Re: do only critical work during single-user vacuum?

From: Andres Freund <andres(at)anarazel(dot)de>
To: Robert Haas <robertmhaas(at)gmail(dot)com>
Cc: John Naylor <john(dot)naylor(at)enterprisedb(dot)com>, Peter Geoghegan <pg(at)bowt(dot)ie>, PostgreSQL Hackers <pgsql-hackers(at)lists(dot)postgresql(dot)org>
Subject: Re: do only critical work during single-user vacuum?
Date: 2022-02-04 01:35:39
Message-ID: 20220204013539.qdegpqzvayq3d4y2@alap3.anarazel.de
Views: Raw Message | Whole Thread | Download mbox | Resend email
Thread:
Lists: pgsql-hackers

Hi,

On 2022-02-03 17:02:15 -0500, Robert Haas wrote:
> On Thu, Feb 3, 2022 at 4:50 PM Andres Freund <andres(at)anarazel(dot)de> wrote:
> > I wonder if we shouldn't add some exceptions to the xid allocation
> > prevention. It makes sense that we don't allow random DML. But it's e.g. often
> > more realistic to drop / truncate a few tables with unimportant content,
> > rather than spend the time vacuuming those. We could e.g. allow xid
> > consumption within VACUUM, TRUNCATE, DROP TABLE / INDEX when run at the top
> > level for longer than we allow it for anything else.
>
> True, although we currently don't start refusing XID allocation
> altogether until only 1 million remain, IIRC. And that's cutting it
> really close if we need to start consuming 1 XID per table we need to
> drop. We might need to push out some of the thresholds a bit.

Yea, I'd have no problem leaving the "hard" limit somewhere closer to 1
million (although 100k should be just as well), but introduce a softer "only
vacuum/drop/truncate" limit a good bit before that.

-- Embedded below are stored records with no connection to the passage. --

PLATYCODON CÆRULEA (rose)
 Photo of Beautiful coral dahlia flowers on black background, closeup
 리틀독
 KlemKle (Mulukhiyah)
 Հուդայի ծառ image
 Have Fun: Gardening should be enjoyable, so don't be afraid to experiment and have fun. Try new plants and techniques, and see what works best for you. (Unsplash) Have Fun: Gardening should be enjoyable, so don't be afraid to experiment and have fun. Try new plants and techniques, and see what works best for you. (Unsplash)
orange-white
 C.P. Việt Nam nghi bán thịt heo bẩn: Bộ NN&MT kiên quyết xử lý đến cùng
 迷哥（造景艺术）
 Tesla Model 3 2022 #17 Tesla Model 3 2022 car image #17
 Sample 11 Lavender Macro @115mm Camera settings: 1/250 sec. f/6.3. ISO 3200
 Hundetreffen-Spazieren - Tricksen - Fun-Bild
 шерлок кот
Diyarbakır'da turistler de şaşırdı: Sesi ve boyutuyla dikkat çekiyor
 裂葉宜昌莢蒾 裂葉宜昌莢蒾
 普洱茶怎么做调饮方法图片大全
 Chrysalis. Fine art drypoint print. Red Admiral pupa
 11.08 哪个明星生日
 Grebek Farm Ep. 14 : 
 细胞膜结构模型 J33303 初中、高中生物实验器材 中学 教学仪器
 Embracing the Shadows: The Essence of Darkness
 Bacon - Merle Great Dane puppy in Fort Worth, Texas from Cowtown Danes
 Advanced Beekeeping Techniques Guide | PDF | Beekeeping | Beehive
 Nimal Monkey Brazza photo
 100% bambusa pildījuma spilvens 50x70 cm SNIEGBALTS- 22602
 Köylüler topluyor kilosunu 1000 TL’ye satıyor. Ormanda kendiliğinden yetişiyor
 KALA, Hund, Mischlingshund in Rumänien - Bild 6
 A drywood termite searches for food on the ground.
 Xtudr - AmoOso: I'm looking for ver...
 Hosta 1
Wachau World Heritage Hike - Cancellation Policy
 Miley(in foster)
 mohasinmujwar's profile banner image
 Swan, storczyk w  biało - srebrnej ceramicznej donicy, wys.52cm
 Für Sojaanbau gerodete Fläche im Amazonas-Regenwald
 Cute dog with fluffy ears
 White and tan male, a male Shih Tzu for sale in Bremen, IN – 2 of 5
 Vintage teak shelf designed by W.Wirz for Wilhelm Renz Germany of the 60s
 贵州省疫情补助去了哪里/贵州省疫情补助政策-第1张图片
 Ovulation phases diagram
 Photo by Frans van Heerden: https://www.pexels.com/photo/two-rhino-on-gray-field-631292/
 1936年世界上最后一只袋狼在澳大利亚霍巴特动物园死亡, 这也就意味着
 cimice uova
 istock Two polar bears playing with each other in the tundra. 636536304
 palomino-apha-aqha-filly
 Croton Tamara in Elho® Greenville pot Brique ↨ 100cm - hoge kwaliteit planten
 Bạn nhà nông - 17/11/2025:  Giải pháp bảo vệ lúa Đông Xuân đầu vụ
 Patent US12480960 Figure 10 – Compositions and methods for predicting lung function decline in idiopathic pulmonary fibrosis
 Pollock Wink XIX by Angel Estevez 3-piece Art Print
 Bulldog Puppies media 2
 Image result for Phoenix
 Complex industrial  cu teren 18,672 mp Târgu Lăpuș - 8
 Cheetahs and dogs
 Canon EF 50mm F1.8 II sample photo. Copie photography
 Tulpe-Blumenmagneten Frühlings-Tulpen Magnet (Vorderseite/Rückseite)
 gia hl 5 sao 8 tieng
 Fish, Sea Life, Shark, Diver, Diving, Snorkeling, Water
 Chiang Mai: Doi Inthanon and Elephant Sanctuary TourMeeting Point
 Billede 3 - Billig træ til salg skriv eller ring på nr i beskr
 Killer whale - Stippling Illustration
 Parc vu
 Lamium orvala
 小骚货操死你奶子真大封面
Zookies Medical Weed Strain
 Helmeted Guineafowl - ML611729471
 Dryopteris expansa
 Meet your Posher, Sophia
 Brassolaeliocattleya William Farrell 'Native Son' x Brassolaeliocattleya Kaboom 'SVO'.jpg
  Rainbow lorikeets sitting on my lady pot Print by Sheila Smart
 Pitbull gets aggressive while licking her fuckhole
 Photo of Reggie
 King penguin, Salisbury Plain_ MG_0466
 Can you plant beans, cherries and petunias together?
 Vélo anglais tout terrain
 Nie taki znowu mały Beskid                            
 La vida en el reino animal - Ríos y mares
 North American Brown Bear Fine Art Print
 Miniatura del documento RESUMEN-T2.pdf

> For the most part, I think that there's no reason why autovacuum
> shouldn't be able to recover from this situation automatically, as
> long as old replication slots and prepared transactions are cleaned up
> and any old transactions are killed off.

To address the "as long as" part: I think that describing better what is
holding back the horizon would be a significant usability improvement.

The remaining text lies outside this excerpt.